It has been proven time and time again that Newfoundland and Labrador’s (NL) offshore oil and gas industry has notoriously long development cycles. How can the industry compete on a global scale when the industry can’t keep pace with other leading offshore oil and gas jurisdictions?

One such example of the competition the industry is facing is Norway. With more than 80 operating fields, Norway has refined new systems and practices to speed up projects, without risking the safety of their workers or the environments they develop. Since 1960, Norway’s average development cycle, from discovery to first oil, is 13 years. How can Newfoundland and Labrador contend when it’s average development cycle is 24 years?

As global competition heats up, development cycles are becoming shorter all around the world. To keep up, the province must address the fact that its oil and gas industry is at risk of falling behind. If the province hopes to attract investors and grow, it must pick up the pace.

That is why CAPP is calling on all levels of government and regulators to work together to improve the efficiency and effectiveness of regulatory processes. The province must look for opportunities to make potential developments more economic and find ways to improve timelines. This issue must be addressed quickly, or the Newfoundland and Labrador oil and gas industry may be left behind in the global competition for investment.

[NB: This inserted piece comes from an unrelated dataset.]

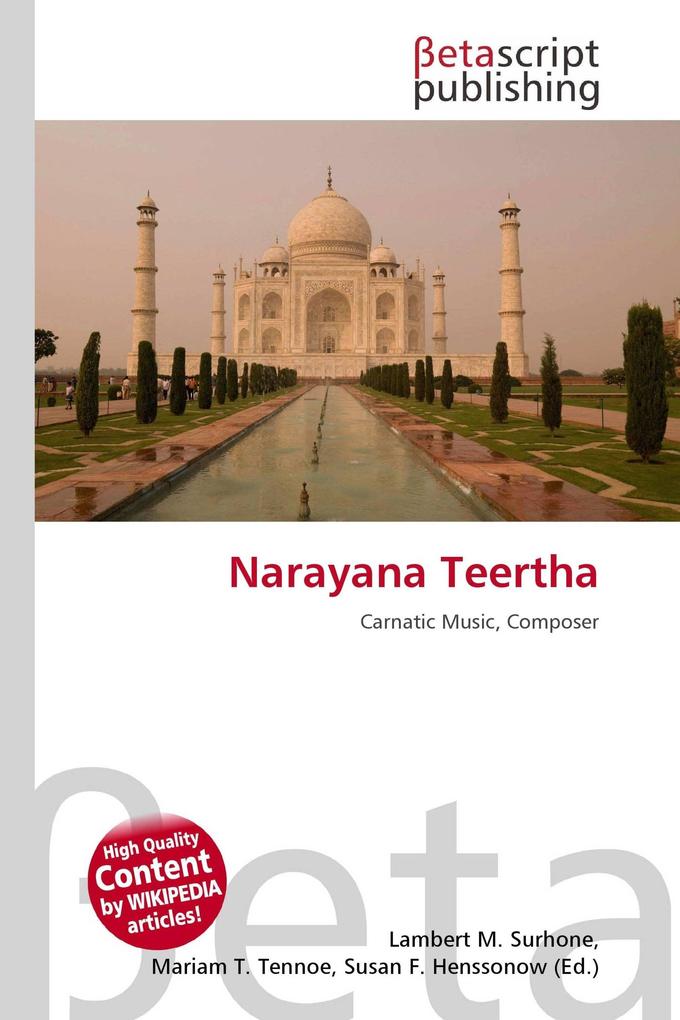 Narayana Teertha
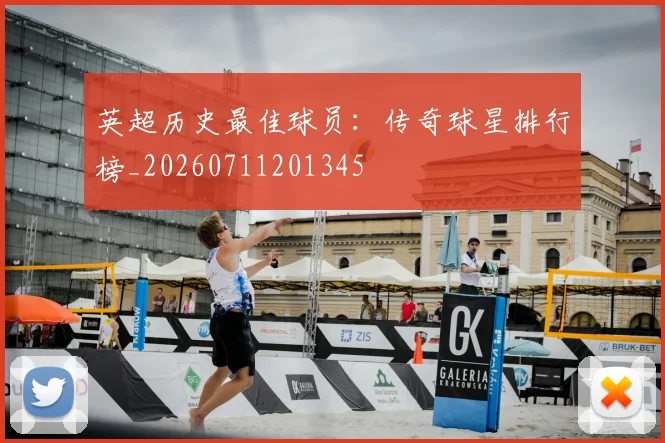 英超历史最佳球员:传奇球星排行榜_20260711201345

“We need to really think differently. We need to be more competitive because the price of oil is lower and we have more competition in other, unconventional oil industries.”

Mike Ryan
Vice-President, ExxonMobil Canada


Hebron Development Cycle

A variety of factors can influence project timelines. Newfoundland and Labrador’s most recent project, Hebron, took over 30 years to go from discovery to first oil. In today’s world, a long development cycle is becoming less attractive to oil and gas companies because of the length of time it takes to get a return-on-investment and the risks involved.